Turning through the pages of an anthology of recent Negro poetry, last Tuesday, I was reminded that there is precious little support left in in the world for the view, still often and complacently mouthed in these parts, that the Negro is incapable of any independent intellectual or creative achievement--that at his best, he is essentially only a mimic, a sort of trained monkey, capable of imitating the achievements of the white man with almost uncanny precision, but of nothing beyond that. Look at this picture of "Georgia Dusk," by Jean Toomer, for instance:

"The sky, lazily disdaining to pursue
The setting sun, too indolent to hold
A lengthened tournament for flashing gold;
Passively darkens for night's barbecue.

A feast of moon, and men and barking hounds,
An orgy for some genius of the South
With blood-hot eyes and cane-lipped scented mouth
Surprised in making folk-songs from soul sounds.

The sawmill blows its whistle, buzz-saws stop.
And silence breaks the bud of knoll and hill.
Soft settling pollen where plow lands fulfill
Their early promise of bumper crop.

Smoke from the pyramided sawdust pile
Curls up, blue ghosts of trees tarrying low
Where only chips and stumps are left to show
The solid proof of former domicile.

Meanwhile, the men, with vestiges of pomp,
Race memories of king and caravan.
High priests, an ostrich, and a juju-man,
Go singing through the footpaths of the swamp.

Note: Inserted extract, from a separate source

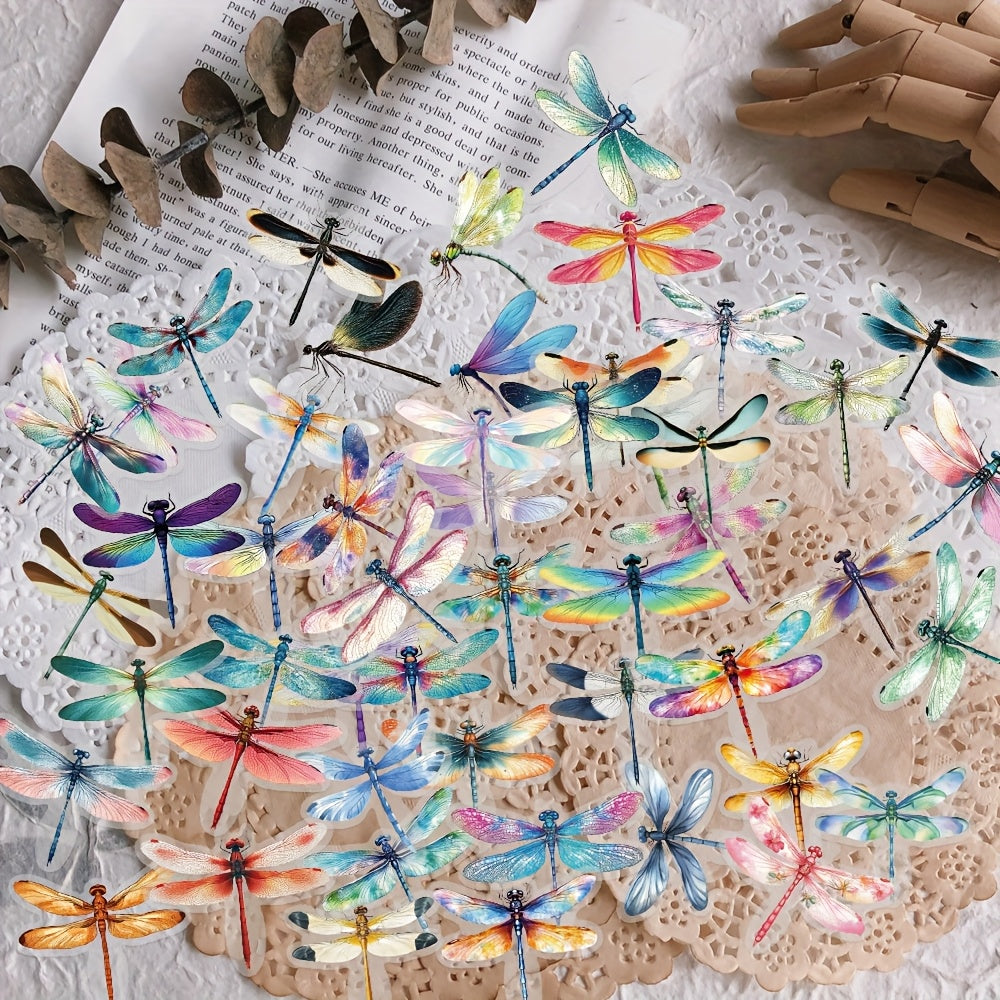 50pcs Insects & Dragonflies Waterproof PET Stickers Art Decals for DIY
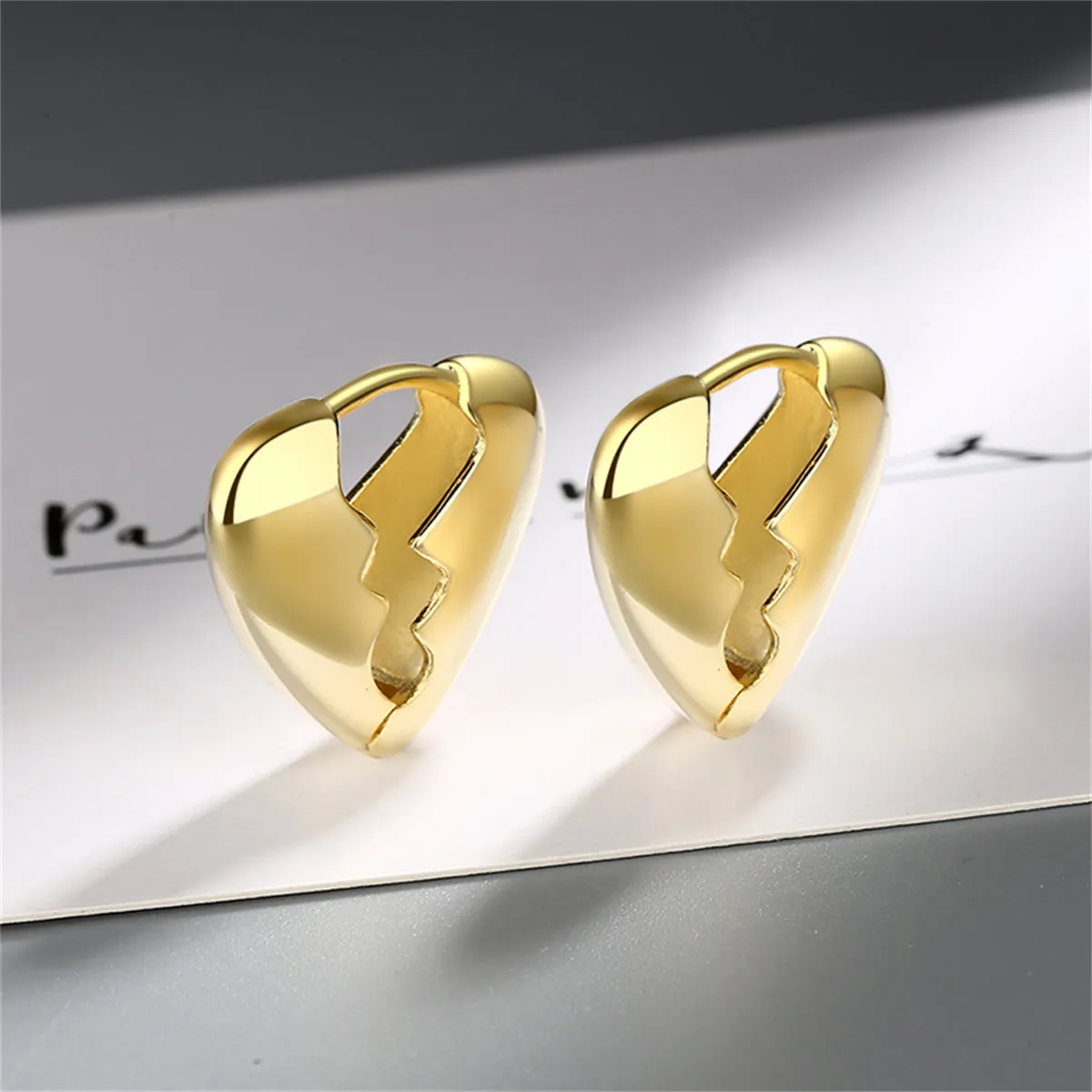 18K Gold-Plated Gear Heart Huggie Earrings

Their voices rise... the pine trees are guitars,
Strumming, pine-needles fall like sheets of rain...
Their voices rise... the chorus of the cane
Or caroling a vesper to the stars...

O singers, resinous and soft your songs
Above the sacred whisper of the pines,
Give virgin lips to cornfield concubines,
Bring dreams of Christ to dusky cane-lipped throngs."

That, I think, is not only very fine poetry. It is also very distinctively Negro poetry. No white man could have done it.


There was something else I noticed in glancing through the anthology, too. I mean that an increasing portion of the new Negro is filled with bitterness--and not the old covert and vague bitterness of Countee Cullen, but bold, uncompromising, direct, and explicit bitterness.

Here is Langston Hughes' "Song for a Black Girl," by way of example:

"Way down South in Dixie
(Break the heart of me)
They hung my black young love,
To a cross roads tree.

Way down South in Dixie
(Bruised body high in air)
I asked the white Lord Jesus
What was the use of prayer.

Way down South in Dixie
(Break the heart of me)
Love is a naked shadow
All on a gnarled and naked tree."

And here, again, is Claude McKay's "Lynching:"

"His spirit in smoke ascended to high heaven.
His father, by the cruelest way of pain,
Had bidden him to his bosom once again;
The awful sin remained still unforgiven.
All night a bright and solitary star
(Perchance the one that ever guided him
Yet gave him up at last to Fate's wild whim),
Hung pitifully o'er the swinging char.
Day dawned, and soon the mixed crowds came to view
The ghostly body swaying in the sun:
Though women thronged to look, but never a one
Showed sorrow in her eyes of steely blue:
And little lads, lynchers that were to be,
Danced round the dreadful thing in fiendish glee."